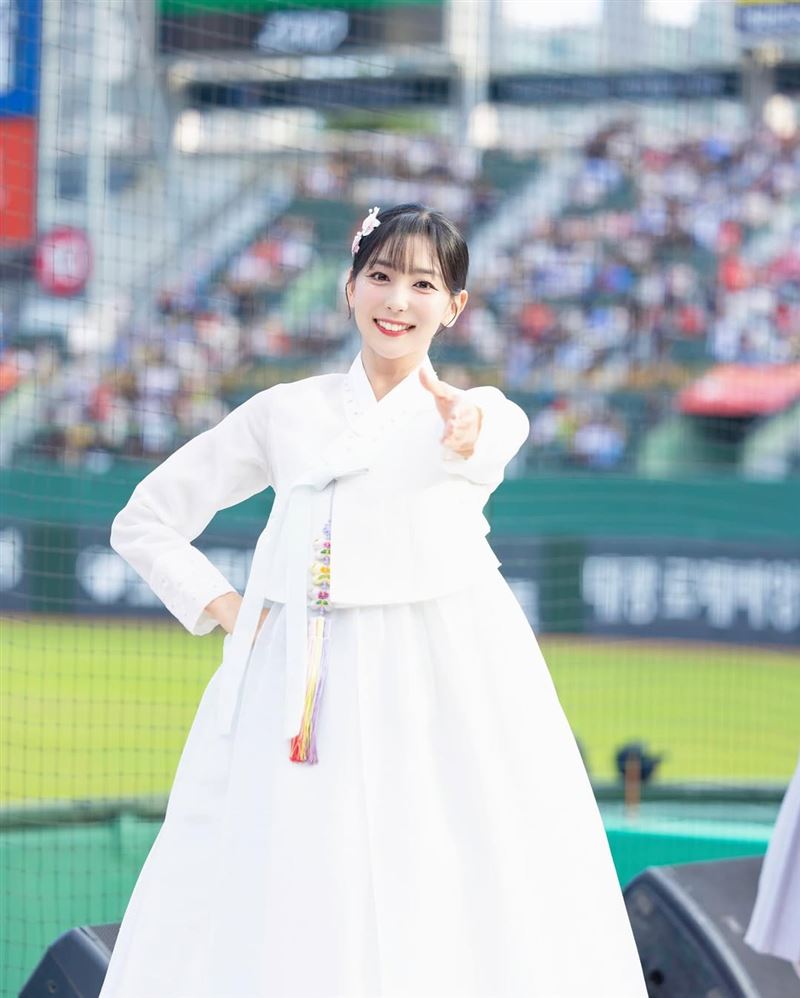 睦那京分享在韓國過年一定會吃年糕湯。。（圖／翻攝自IG @neck_na_a）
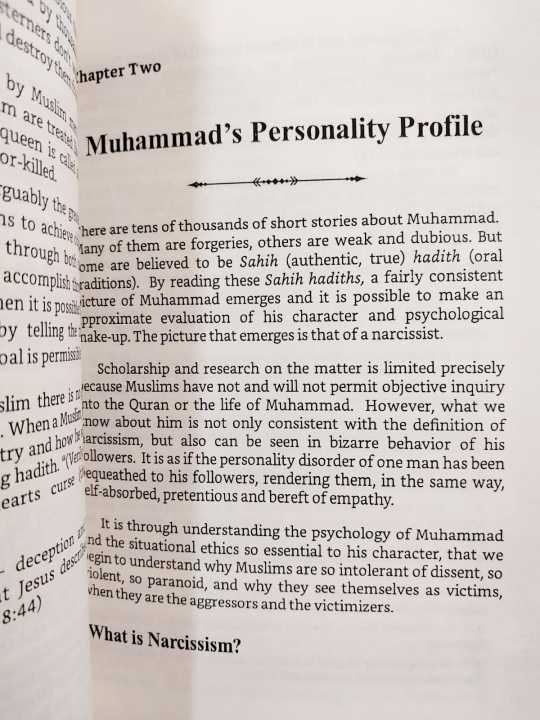 The%20First%20Muslim:%20The%20Story%20of%20Muhammad%20by%20Lesley%20Hazleton%20(Premium%20Quality)%20-%20Image%203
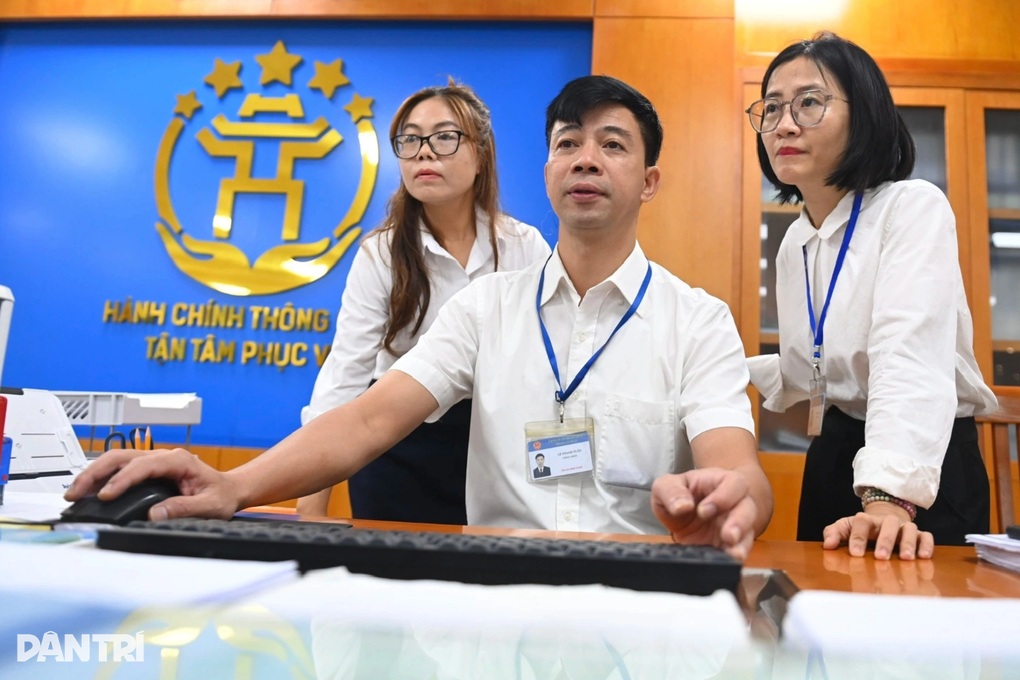 Chính phủ “mở cửa” tăng thu nhập chính đáng cho viên chức - 1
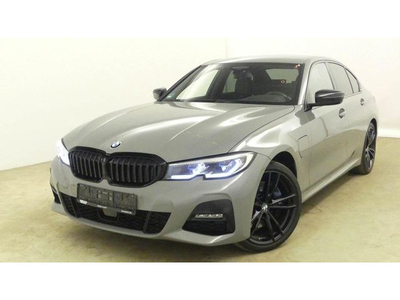 BMW 3-serie 330e M-SPORT | SHADOW | LASER | ACC | H&K |360°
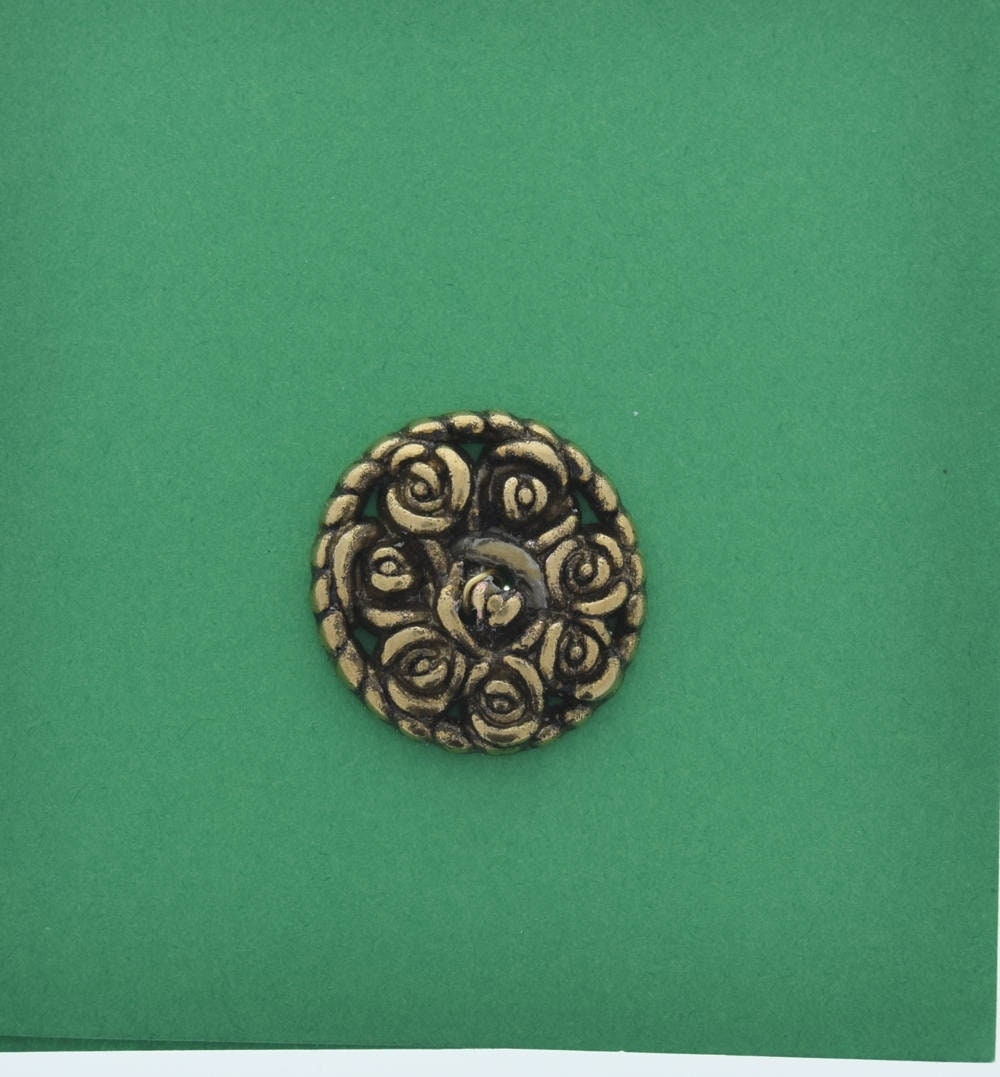 Vintage Round Rose Button, 2 hole, antique gold plated, made in Germany, pack of 4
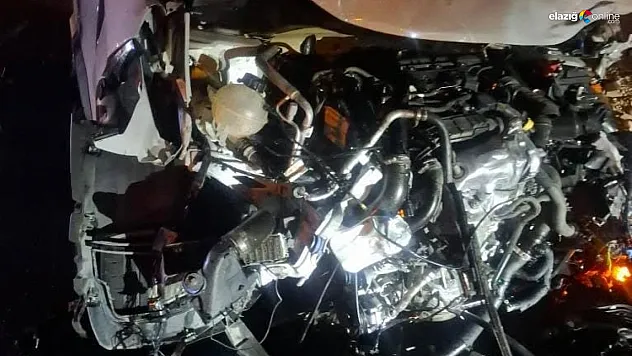 Elazığ'da Feci Kaza! Kamyonet ile Otomobil Kafa Kafaya Çarpıştı, 2 Ölü!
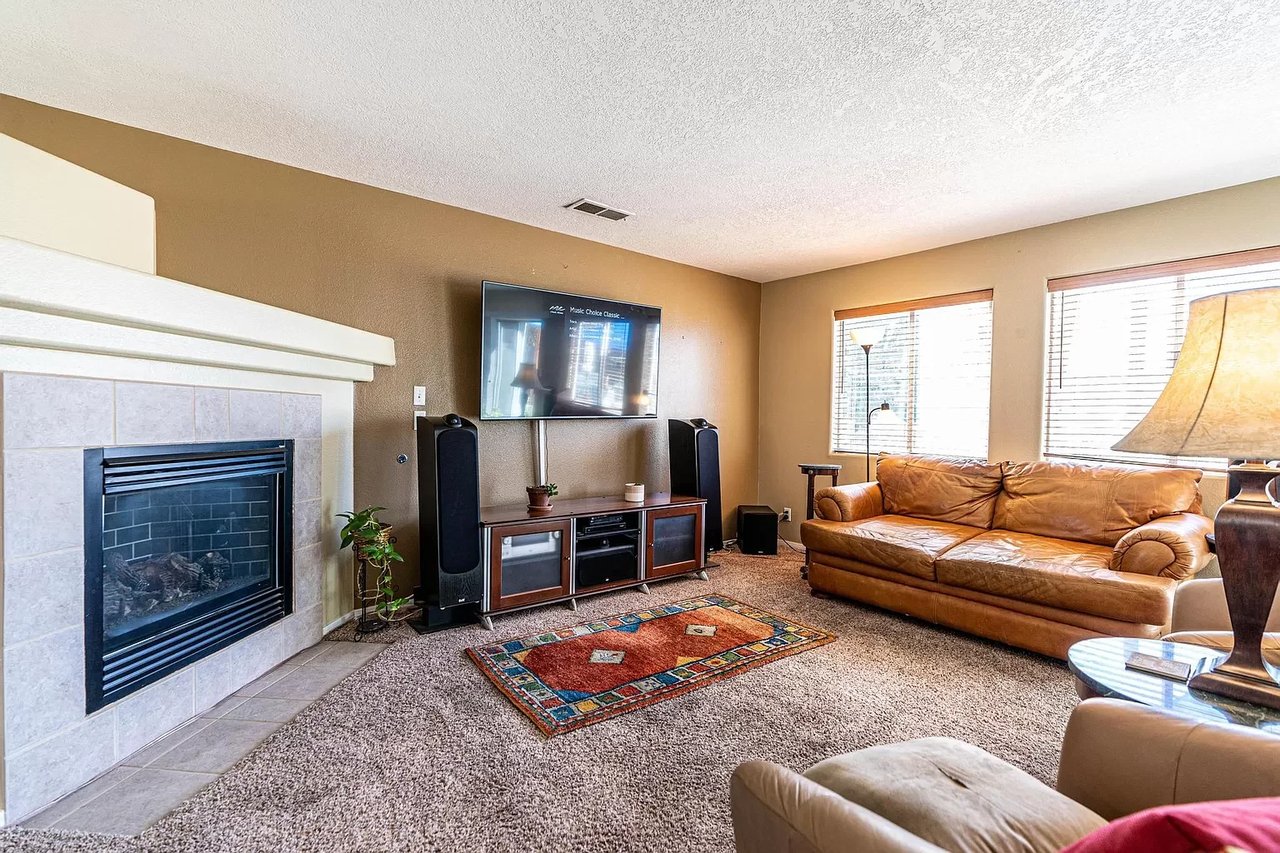 6448 Freemont Hills Loop NE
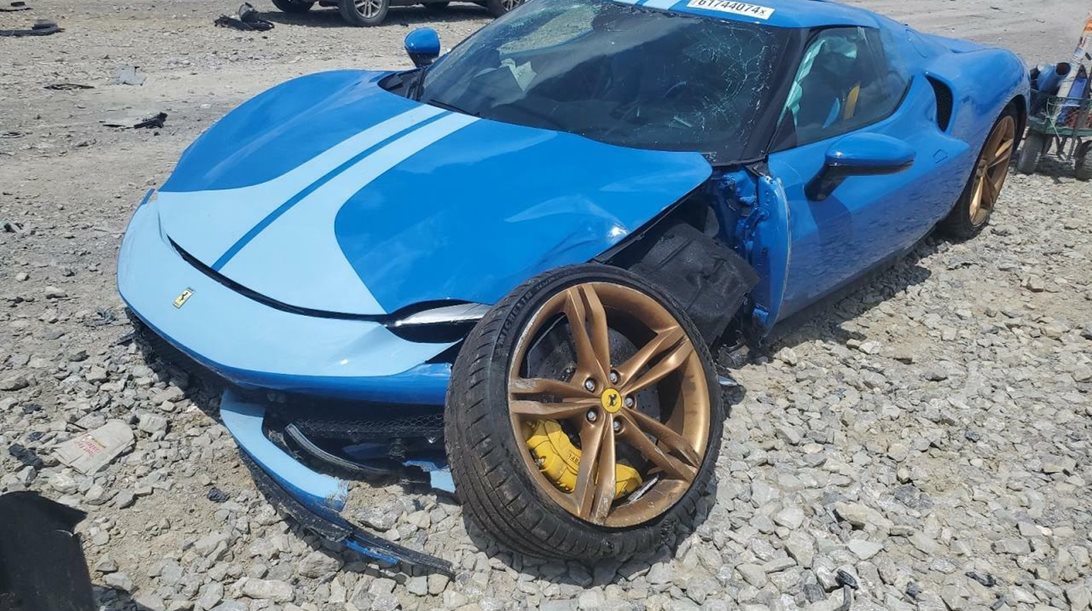 Ευκαιρίες: Στο σφυρί τρακαρισμένη Ferrari 296 και καμμένο Cybertruck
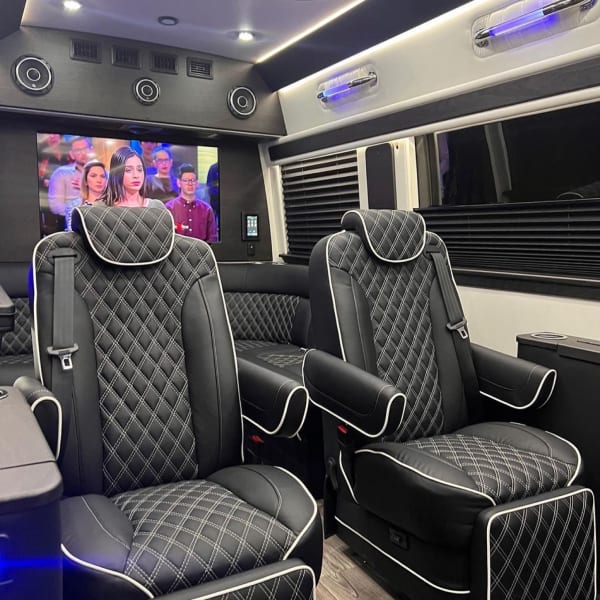 2024 Midwest Automotive Designs Midwest Automotive Designs Class B Class B available for rent in Naperville, Illinois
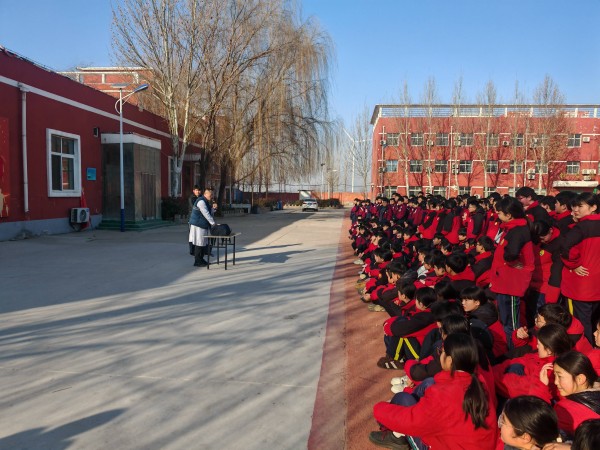 急救知识进校园 健康守护伴成长——馆陶县人民医院走进路桥中学开展急救科普与义诊活动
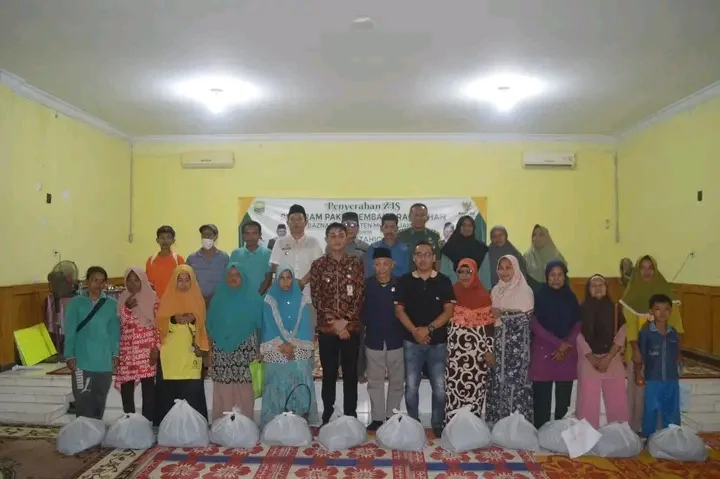 acara penyerahan program paket Sembako Ramadhan BAZNAS kabupaten Muaro Jambi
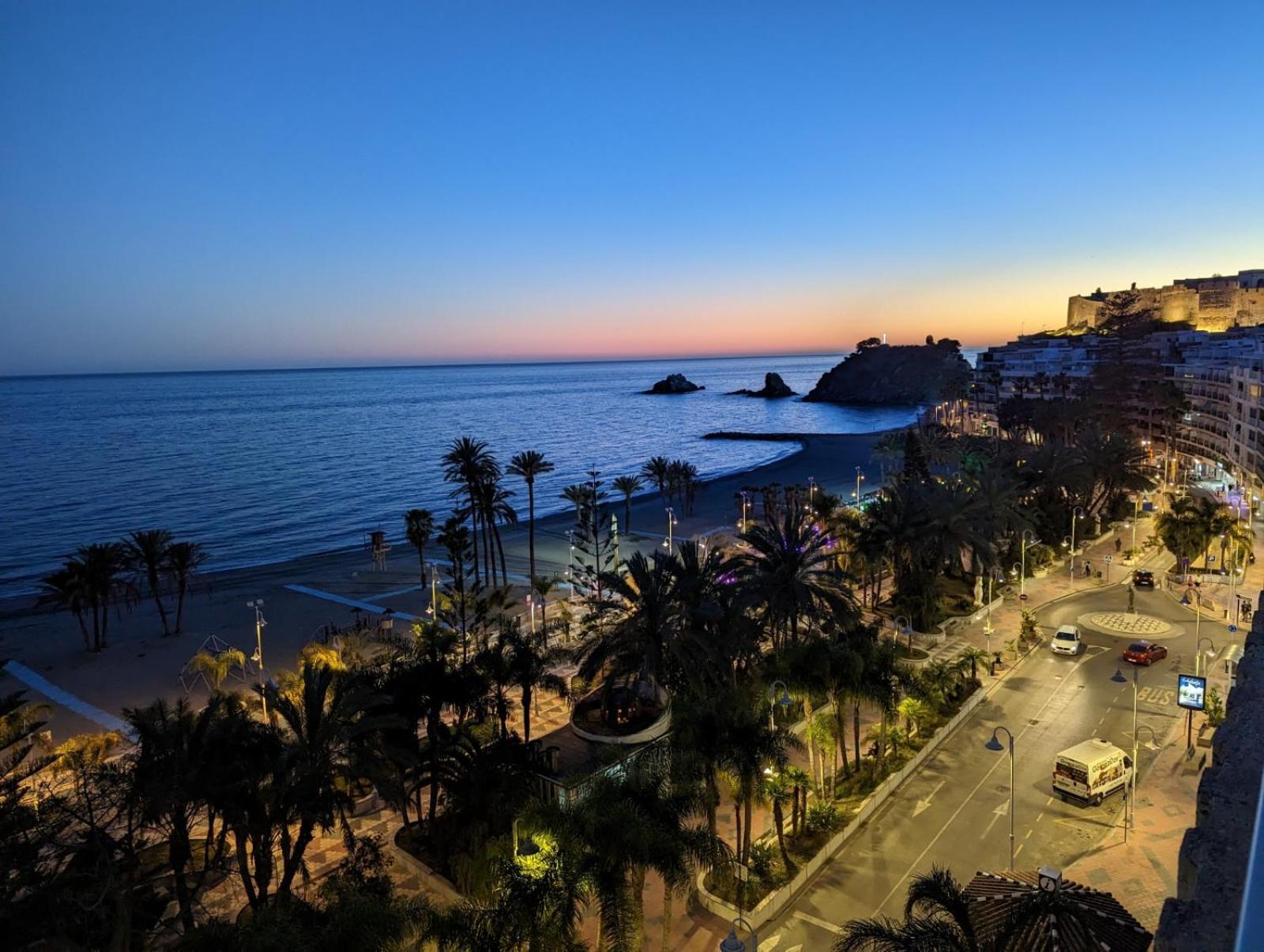 Casa Mare Apartamento En Primera Linea De Playa Almuñécar Eksteriør bilde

● ● ● ● ● ● ●

Could you transcribe exactly the lines from the one with "Vintage Round Rose" through the end of the data, both ends included, and nothing else, skipping the pictures?

Written solution:
 Vintage Round Rose Button, 2 hole, antique gold plated, made in Germany, pack of 4
 Elazığ'da Feci Kaza! Kamyonet ile Otomobil Kafa Kafaya Çarpıştı, 2 Ölü!
 6448 Freemont Hills Loop NE
 Ευκαιρίες: Στο σφυρί τρακαρισμένη Ferrari 296 και καμμένο Cybertruck
 2024 Midwest Automotive Designs Midwest Automotive Designs Class B Class B available for rent in Naperville, Illinois
 急救知识进校园 健康守护伴成长——馆陶县人民医院走进路桥中学开展急救科普与义诊活动
 acara penyerahan program paket Sembako Ramadhan BAZNAS kabupaten Muaro Jambi
 Casa Mare Apartamento En Primera Linea De Playa Almuñécar Eksteriør bilde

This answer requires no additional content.